Yeah but what the heck they are paying FHC but not HC or SHC


----------



## foland20 (Apr 8, 2012)

treeman65 said:


> Yeah but what the heck they are paying FHC but not HC or SHC


I was wondering the same thing. I think last year they had HC in the program too.


----------



## stoz (Aug 23, 2002)

arrowblaster said:


> Good to see Elite paying in IBO for amateurs, that alone tops Mathews.


Apparently Mathews doesn't give a crap about us north east guys.


----------



## cabbage2009 (Apr 9, 2009)

foland20 said:


> I was wondering the same thing. I think last year they had HC in the program too.

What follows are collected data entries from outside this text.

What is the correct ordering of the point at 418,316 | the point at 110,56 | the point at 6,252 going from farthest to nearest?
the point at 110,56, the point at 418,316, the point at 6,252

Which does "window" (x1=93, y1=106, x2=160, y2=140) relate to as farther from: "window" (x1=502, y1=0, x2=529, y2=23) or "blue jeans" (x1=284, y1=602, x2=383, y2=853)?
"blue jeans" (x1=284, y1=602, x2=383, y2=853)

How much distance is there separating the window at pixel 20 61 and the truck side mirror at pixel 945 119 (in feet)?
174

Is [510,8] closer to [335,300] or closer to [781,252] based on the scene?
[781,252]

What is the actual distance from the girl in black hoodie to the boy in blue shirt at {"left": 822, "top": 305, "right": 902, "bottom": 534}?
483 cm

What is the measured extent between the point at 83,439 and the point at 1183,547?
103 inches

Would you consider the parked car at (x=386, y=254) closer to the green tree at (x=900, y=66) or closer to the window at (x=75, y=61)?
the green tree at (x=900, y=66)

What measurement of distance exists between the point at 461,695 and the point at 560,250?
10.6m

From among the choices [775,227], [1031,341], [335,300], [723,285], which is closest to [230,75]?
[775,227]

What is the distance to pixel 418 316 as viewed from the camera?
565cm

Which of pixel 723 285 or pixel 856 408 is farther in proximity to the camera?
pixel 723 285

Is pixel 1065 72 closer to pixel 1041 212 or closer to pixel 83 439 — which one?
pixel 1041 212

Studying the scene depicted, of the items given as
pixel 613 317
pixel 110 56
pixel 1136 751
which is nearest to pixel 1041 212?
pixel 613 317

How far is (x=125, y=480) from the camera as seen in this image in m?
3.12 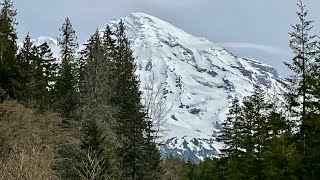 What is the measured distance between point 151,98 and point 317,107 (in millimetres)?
28569

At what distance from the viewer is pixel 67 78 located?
5675cm

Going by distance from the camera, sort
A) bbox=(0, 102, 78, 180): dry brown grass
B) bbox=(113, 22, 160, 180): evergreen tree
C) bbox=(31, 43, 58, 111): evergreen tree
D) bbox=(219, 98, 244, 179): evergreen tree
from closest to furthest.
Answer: bbox=(0, 102, 78, 180): dry brown grass → bbox=(31, 43, 58, 111): evergreen tree → bbox=(219, 98, 244, 179): evergreen tree → bbox=(113, 22, 160, 180): evergreen tree

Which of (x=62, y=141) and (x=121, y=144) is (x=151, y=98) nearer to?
(x=121, y=144)

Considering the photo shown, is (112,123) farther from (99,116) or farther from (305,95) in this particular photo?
(305,95)

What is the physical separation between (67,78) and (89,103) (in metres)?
11.5

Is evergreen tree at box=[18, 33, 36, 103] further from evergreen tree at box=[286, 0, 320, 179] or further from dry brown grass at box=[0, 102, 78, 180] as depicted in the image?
evergreen tree at box=[286, 0, 320, 179]

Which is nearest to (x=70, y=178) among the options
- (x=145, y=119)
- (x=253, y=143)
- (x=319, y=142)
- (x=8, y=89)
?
(x=8, y=89)

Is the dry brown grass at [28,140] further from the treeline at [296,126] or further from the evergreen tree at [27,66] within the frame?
the treeline at [296,126]

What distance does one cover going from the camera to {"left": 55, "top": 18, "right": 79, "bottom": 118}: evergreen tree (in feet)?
176

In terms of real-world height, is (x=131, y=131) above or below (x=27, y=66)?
below

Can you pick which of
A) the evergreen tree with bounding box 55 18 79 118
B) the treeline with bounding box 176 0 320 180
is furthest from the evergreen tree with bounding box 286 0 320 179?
the evergreen tree with bounding box 55 18 79 118

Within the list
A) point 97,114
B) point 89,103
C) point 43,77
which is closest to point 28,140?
point 97,114

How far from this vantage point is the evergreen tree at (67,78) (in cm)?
5378

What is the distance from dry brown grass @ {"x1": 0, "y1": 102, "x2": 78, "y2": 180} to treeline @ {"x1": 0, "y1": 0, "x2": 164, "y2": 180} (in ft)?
0.62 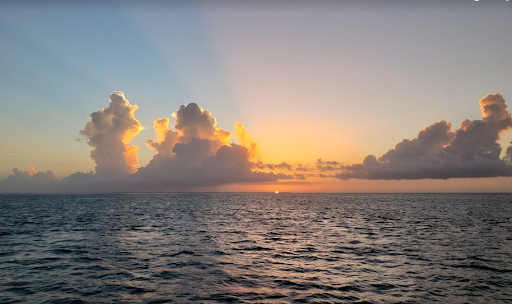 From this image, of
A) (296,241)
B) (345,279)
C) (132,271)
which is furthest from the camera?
(296,241)

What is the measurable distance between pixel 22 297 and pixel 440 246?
3912 cm

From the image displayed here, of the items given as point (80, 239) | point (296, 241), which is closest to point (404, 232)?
point (296, 241)

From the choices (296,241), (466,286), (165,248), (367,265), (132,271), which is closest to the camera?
(466,286)

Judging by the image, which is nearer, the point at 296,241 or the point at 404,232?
the point at 296,241

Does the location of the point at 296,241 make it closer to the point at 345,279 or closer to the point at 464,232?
the point at 345,279

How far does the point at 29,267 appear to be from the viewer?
26.3 m

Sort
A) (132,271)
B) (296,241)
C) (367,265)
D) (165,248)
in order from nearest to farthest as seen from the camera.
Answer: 1. (132,271)
2. (367,265)
3. (165,248)
4. (296,241)

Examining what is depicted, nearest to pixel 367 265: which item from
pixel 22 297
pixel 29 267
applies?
pixel 22 297

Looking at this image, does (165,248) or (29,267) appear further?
(165,248)

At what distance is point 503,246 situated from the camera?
119ft

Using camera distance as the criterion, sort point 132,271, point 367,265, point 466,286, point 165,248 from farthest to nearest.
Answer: point 165,248 < point 367,265 < point 132,271 < point 466,286

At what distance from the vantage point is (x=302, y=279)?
23172 mm

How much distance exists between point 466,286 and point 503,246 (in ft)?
65.8

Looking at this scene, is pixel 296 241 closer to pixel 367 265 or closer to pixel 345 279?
pixel 367 265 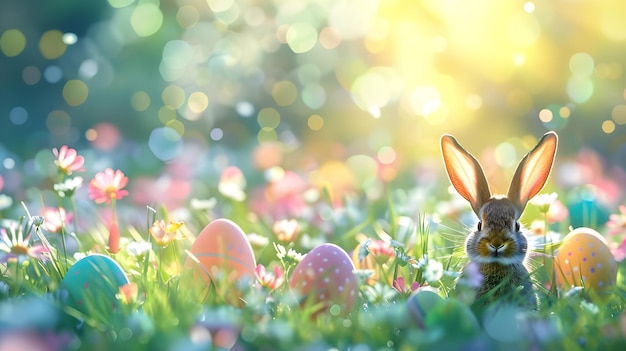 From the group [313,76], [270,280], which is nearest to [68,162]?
[270,280]

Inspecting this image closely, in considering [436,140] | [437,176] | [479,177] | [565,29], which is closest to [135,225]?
[479,177]

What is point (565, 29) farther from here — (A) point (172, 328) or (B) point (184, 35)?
(A) point (172, 328)

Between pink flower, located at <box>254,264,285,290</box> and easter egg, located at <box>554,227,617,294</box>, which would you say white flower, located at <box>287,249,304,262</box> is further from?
easter egg, located at <box>554,227,617,294</box>

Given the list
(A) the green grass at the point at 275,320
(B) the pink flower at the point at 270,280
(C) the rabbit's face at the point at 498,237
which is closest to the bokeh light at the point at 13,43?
(A) the green grass at the point at 275,320

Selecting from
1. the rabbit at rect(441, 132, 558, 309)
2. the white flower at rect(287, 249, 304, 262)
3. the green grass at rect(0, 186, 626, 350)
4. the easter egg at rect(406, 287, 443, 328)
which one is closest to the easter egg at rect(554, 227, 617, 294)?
the green grass at rect(0, 186, 626, 350)

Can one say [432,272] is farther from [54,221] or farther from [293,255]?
[54,221]

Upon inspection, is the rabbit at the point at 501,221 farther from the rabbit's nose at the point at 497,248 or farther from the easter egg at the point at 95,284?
the easter egg at the point at 95,284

Easy there foland20 you will get beat done if you compare this year to the previous year lol...


----------



## legion_archery (Mar 4, 2014)

Any company that offers large contingency $$$ are doing it for a couple of reasons....

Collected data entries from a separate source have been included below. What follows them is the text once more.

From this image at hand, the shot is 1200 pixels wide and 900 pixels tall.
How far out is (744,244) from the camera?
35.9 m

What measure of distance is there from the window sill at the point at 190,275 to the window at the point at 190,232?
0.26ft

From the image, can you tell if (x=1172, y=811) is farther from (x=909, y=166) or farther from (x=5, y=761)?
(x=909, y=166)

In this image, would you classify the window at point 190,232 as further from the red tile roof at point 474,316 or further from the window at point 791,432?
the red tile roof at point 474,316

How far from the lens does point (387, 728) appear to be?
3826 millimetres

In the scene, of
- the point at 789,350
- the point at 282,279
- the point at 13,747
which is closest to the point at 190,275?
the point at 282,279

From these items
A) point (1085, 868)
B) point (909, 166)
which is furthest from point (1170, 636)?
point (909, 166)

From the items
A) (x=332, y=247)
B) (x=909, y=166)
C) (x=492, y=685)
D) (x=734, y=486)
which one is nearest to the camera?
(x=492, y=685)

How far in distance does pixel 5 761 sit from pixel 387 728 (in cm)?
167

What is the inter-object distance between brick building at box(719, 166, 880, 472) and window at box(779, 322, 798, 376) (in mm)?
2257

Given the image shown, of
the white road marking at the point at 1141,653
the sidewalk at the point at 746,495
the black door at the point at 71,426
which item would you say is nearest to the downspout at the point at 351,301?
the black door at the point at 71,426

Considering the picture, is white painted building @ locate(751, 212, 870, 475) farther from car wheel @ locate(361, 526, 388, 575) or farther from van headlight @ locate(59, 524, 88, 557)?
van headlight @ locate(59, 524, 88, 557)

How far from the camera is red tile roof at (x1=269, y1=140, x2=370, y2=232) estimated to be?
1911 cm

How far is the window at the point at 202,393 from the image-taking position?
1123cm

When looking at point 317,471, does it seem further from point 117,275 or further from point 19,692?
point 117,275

#1.... They want people to see that they are offering that much $$$ which makes "you" want to buy one of their bows to try to compete with

#2..... People show up to a competition and see all the people shooting a certain bow brand and that makes them think "that bow brand must be the best" so they go buy that brand

#3 ...... It draws more people to the competitions to try to win the $$$ which supports Archery

It all boils down to the companies making more $$$


----------